- Kategori
- Güncel
Oyuna gelmeyelim. Ayağına eğilmemizi istiyorlar
Haziran sonlarına doğru Suriye tarafından uçağımız düşürüldü. İki tane pilotumuz günlerce denizde arandı. Günler geçtikçe umutlar tükeniyordu ve Temmuz Başında Gökhan Ertan ve Hasan Hüseyin Aksoy denizin derinliklerinde tesbit edildi çıkarıldı. Uçağımız düşer düşmez hemen “Yok gaza gelmeyelim, oyuna gelmeyelim” diye ağız birliği yaptı herkes.
Ya pilotlarımız, o pilotlar -ki birinin Türkiye’nin sayılı astronotlarından olduğunu öğrendik sonradan- kolay mı yetişiyordu
Bu olay sonrası angajman kurallarımız değişti. Türkiye’nin sınırına yaklaşan her tehlike vurulacaktı. Hatta Genelkurmay çocuk oyunu zannetti herhalde hergün açıklama yapıyordu “Suriye tarafından sınırımıza yaklaşan helikopter püskürtüldü” diye. Bizde çok rahatlıyorduk, püskürtülmese mazallah ne yapardık!
Bu olay sineye çekildi öylece. Sonra iç savaş bizim sınırımıza dayandı. Akçakale’ye 1 hafta önce top mermisi yağdı. Neyseki ölen olmamış ve birkaç vatandaş hafif yaralanmıştı. Nota verildi Suriye’ye, sonra tık yok. E sen bir şey demezsen hemen hafta iki roket daha atar Esad. Bu sefer boşaltılan bölgenin dışına yani ikinci bölgeye geldi roketler. 5 tane vatandaşımız öldü, 13 tane vatandaşımızda yaralandı. Hükümet doğru olanı yaptı hemen bölgede belirlenen yerlere misilleme yapıldı. Sonra saat 10'da tezkere’nin görüşüleceği açıklandı.

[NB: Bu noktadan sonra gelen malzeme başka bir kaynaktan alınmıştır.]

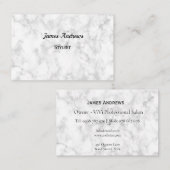 Carte de visite élégant personnalisé de marbre de (Devant / Derrière)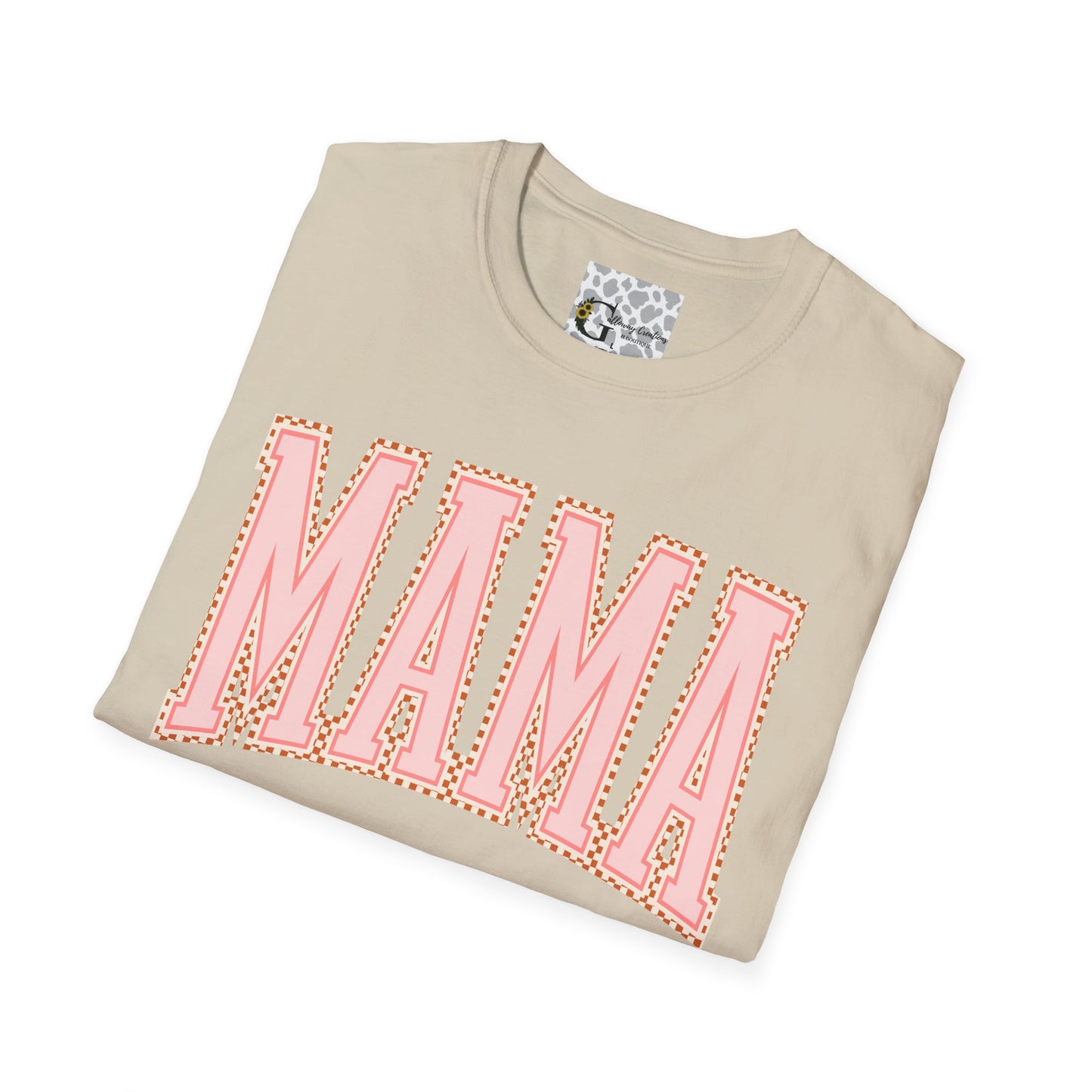 Light Pink University Mama T-Shirt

Savaşa her zaman karşı olan, barışın destekçisi BDP hayır, onun kopyacısı CHP hayır dedi.
Ak Parti ve MHP bu tezkereye olması gerektiği şekilde cevap vererek evet dedi.
Şimdi tezkere alındı diye Suriye’ye girelim demiyorum ama tezkere’yi elinde tutan Türkiye Suriye’ye karşı daha güçlü daha rahat hareket eder. Oyun moyun ayağına da öyle kafası esen herkes sınırımıza roket atamaz.